In December 2003 he had to give evidence during a court case involving Algerian asylum seeker Ahmed Zaoui, and last year he urged Prime Minister Helen Clark to breach protocol and comment on the SIS after it was alleged the service was spying on Maori.
Helen Clark heeded Mr Woods' advice and repeated his assurance that the story was fiction, comments later backed by the Inspector-General of Intelligence and Security.
In both cases Mr Woods feels aggrieved, but unable to give full voice in defence of the SIS. He restricts himself to saying he stands by his actions relating to Zaoui, and that many comments about the case have been misleading, unfair or wrong.
Regarding spying on Maori, he says that claim and others about the SIS are equally without foundation.
A cool head, a thick skin and a sense of humour have proven essential as SIS director, Mr Woods says.
If he fails to live up to the stereotypical view of a spy, it is probably because he never was one.
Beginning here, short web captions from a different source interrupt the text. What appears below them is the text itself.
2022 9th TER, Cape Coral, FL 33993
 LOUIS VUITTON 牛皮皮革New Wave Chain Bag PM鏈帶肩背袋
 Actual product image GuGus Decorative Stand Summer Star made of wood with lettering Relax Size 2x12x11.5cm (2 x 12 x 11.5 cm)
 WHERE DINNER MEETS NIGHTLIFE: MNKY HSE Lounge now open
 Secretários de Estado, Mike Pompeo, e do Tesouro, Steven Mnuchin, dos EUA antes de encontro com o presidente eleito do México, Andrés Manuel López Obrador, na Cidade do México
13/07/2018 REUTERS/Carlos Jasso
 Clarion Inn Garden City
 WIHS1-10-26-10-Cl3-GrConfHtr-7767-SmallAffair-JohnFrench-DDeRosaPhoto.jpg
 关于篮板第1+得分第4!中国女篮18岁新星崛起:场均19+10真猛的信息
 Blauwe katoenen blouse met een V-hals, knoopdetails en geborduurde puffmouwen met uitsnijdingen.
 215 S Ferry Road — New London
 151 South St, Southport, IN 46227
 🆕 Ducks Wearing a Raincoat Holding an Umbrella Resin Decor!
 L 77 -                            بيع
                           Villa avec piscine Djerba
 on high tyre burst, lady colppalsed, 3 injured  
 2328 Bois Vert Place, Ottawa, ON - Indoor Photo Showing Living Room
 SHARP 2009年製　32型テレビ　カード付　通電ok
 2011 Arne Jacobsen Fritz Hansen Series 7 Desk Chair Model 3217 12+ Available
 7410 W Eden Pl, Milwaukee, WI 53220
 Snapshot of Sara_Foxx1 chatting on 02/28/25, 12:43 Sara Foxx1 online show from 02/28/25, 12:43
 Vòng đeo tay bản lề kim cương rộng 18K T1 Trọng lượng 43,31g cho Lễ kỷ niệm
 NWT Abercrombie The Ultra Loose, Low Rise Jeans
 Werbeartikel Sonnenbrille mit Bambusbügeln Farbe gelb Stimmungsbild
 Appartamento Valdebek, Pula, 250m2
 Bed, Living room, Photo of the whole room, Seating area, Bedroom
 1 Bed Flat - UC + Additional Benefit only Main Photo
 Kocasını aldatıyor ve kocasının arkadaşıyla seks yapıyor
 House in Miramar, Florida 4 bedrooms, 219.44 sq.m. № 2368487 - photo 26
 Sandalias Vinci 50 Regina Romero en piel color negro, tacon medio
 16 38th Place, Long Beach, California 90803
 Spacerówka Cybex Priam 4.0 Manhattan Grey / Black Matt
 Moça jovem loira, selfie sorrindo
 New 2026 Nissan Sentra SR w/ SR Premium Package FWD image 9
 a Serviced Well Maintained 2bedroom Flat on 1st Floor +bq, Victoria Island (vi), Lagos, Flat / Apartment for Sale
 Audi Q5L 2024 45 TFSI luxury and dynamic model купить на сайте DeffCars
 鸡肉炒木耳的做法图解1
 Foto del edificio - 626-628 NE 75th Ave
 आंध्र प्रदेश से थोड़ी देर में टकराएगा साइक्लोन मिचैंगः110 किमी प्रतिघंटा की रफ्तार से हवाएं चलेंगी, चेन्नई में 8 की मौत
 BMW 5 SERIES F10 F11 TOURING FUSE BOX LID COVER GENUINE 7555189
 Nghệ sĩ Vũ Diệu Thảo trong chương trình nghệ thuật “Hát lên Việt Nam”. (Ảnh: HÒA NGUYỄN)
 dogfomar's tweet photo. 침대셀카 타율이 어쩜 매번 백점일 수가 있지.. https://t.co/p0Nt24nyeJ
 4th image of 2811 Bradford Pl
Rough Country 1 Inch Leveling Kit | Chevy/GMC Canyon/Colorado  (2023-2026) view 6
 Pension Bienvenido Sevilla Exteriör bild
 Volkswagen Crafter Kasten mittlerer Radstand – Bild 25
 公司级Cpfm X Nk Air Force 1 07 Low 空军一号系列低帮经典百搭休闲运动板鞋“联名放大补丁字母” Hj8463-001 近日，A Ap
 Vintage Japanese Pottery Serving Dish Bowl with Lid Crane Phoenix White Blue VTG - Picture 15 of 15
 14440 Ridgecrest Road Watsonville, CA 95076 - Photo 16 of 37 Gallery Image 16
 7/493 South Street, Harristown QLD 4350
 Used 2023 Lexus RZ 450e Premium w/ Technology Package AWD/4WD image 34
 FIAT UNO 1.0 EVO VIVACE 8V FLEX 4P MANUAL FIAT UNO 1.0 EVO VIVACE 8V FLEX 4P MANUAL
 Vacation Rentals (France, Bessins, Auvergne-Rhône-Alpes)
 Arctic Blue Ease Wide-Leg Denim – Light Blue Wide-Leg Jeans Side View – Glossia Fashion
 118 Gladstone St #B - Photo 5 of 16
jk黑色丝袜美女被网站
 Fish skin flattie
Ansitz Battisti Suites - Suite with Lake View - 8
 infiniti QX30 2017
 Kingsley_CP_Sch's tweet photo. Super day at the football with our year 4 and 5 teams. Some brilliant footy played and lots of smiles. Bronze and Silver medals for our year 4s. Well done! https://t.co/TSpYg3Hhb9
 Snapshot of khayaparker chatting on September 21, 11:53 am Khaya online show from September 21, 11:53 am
A product of Christ's College and Canterbury and Oxford Universities, Mr Woods joined the Department of Trade and Industry in 1966, before transferring to Foreign Affairs in 1973.
He, Joanna and their two sons led a nomadic life that took the family to Athens, Tehran, Bahrain, Moscow, Washington and Paris. Wherever his job as ambassador took him, Mr Woods was an outdoorsman who loved skiing, sailing, camping and travel.
Former colleagues say he was an enthusiastic and popular ambassador for New Zealand.
Former Ambassador to Iran John Hayes, now a National MP, inherited the Woods' german shepherd dog when they moved from Tehran. He said Mr Woods was known as a man of integrity who was good with people. He was congenial, personable, and something of an adventurer.
"When you go to places, you know those who have done well before you and those who haven't by their reputation. I think Richard was particularly well suited to the posting in Iran. He was well known and well liked by the Iranians, and he was clearly a very active ambassador."
Mr Woods' greatest ambition as a diplomat was to be New Zealand's ambassador to France - a position which turned out to be no comfortable pre-retirement posting. He had to manage New Zealand's already prickly relationship with the French in the wake of the resumption of nuclear testing in the South Pacific.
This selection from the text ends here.